The general principles for the deposition of seasonal growth layers in the tooth cementum are valid for all permanent teeth. In our study, we copied the procedures used by the national monitoring programme for wild cervids in Norway (Solberg et al. 2017). This programme produces tooth sections from around 2–3000 cervids shot during the autumn hunting season every year. Rational and consistent procedures are essential for the effective processing of such large sample sizes. For the workflow of the Norwegian monitoring programme, incisors have proved to be easier and quicker to extract and process compared to (pre)molars. Other studies have recommended using molars (e.g. Pérez-Barbería et al. 2014; Azorit et al. 2004) or canines (Boertje et al. 2015). The arguments for using molars are alternative processing techniques (e.g. Pérez-Barbería et al. 2014) or for canines being more distinct annuli and more easy to extract (Boertje et al. 2015). Moreover, Azorit et al. (2004) found higher ageing accuracy for molars (M1) versus incisors (I1), although only based on individuals up to c. 3.5 years old. Regardless of the chosen method or the teeth processed, the approach should be consistent over time and potential methodological changes should be properly documented.

The interspecific differences in precision of CAA are probably related to species-specific differences in the biological processes of the cementogenesis. Similar interspecific differences were also identified in another comparative study of three North American deer species (Hamlin et al. 2000). In general, CAA provides a reliable technique for ageing a wide range of animals in seasonal environments. Still, it is important to be aware of existing interspecific differences, as well as intraspecific and habitat-related factors expected to influence CAA accuracy.
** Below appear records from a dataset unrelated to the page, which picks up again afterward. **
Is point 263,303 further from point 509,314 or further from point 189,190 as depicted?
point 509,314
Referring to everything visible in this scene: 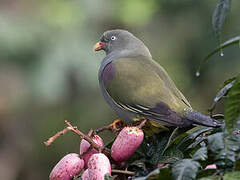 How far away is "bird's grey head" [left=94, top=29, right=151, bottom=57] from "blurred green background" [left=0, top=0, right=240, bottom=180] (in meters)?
4.45

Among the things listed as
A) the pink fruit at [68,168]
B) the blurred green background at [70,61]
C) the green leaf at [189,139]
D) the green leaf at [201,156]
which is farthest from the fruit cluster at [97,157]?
the blurred green background at [70,61]

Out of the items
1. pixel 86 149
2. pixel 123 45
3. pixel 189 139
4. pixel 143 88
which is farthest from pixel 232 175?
pixel 123 45

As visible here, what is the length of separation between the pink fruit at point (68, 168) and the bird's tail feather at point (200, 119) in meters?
0.42

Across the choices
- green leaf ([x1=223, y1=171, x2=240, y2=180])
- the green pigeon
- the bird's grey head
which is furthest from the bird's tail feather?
the bird's grey head

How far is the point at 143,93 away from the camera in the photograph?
280cm

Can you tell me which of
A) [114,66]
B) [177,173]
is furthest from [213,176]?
[114,66]

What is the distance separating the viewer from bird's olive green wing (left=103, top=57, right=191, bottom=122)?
2689 millimetres

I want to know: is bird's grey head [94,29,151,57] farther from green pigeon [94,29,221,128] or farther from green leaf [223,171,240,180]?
green leaf [223,171,240,180]

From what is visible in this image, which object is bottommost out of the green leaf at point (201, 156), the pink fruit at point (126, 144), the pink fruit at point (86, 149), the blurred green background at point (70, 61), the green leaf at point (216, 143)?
the blurred green background at point (70, 61)

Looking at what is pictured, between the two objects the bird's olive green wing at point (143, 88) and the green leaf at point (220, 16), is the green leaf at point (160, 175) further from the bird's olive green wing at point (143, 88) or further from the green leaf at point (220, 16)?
the bird's olive green wing at point (143, 88)

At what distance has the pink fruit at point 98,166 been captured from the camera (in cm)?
172

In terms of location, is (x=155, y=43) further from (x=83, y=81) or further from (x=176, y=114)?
(x=176, y=114)

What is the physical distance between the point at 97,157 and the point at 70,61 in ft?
21.8

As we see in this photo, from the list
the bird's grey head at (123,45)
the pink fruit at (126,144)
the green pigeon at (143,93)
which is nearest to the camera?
the pink fruit at (126,144) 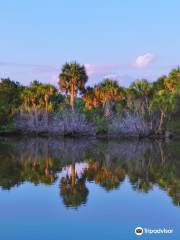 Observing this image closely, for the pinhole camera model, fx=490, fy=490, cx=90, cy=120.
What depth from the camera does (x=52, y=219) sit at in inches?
646

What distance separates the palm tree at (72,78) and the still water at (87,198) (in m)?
36.9

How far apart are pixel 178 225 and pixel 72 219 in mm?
3452

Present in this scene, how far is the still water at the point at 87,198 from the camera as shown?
15.1 metres

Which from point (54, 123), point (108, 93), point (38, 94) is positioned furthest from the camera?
point (38, 94)

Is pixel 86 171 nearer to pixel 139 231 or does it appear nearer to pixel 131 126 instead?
pixel 139 231

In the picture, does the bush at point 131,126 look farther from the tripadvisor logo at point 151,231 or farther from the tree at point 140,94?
the tripadvisor logo at point 151,231

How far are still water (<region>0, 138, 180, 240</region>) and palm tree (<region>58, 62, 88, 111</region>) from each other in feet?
121

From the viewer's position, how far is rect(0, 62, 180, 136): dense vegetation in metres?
69.0

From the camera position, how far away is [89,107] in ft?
248

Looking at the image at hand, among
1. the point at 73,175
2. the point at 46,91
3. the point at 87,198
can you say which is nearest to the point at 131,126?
the point at 46,91

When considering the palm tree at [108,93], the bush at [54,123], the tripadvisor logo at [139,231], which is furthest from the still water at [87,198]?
the palm tree at [108,93]

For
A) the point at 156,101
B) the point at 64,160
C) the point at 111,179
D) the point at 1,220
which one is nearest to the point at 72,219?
the point at 1,220

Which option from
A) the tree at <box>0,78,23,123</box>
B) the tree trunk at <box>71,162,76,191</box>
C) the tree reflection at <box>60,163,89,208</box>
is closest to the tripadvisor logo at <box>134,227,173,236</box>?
the tree reflection at <box>60,163,89,208</box>

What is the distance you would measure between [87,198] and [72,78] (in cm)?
5211
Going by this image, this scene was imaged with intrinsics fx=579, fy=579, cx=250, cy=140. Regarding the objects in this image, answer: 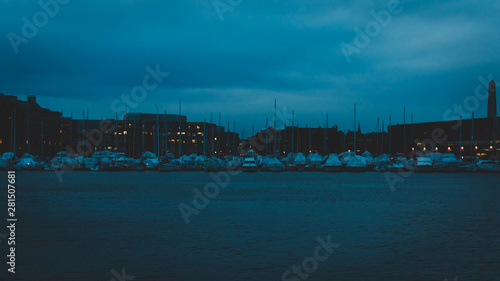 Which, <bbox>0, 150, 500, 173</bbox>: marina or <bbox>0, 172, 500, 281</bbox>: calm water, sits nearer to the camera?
<bbox>0, 172, 500, 281</bbox>: calm water

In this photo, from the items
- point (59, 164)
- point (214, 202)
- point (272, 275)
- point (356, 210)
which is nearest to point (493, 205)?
point (356, 210)

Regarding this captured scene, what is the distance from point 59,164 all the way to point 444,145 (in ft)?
392

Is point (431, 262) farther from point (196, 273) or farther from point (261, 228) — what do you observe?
point (261, 228)

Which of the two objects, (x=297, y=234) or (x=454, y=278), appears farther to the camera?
(x=297, y=234)

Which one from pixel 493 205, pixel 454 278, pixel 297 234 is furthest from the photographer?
pixel 493 205

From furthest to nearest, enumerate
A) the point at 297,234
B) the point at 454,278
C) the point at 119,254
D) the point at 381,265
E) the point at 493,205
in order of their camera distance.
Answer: the point at 493,205 → the point at 297,234 → the point at 119,254 → the point at 381,265 → the point at 454,278

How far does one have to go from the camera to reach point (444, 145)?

CAA has been criticized for being expensive, labour-intensive and time-consuming. However, with rational processing procedures, efficient laboratories and experienced observers, costs and time use are minimized and the accuracy of estimated age is high. Previous research has shown that CAA outperforms alternative methods for age determination of cervids (Pérez-Barbería et al. 2014). There is also a clear advantage that CAA is normally performed by professional laboratories with experienced observers. However, to ensure consistency over time, we recommend that a reference material from known-age individuals be available for calibration and training of new observers.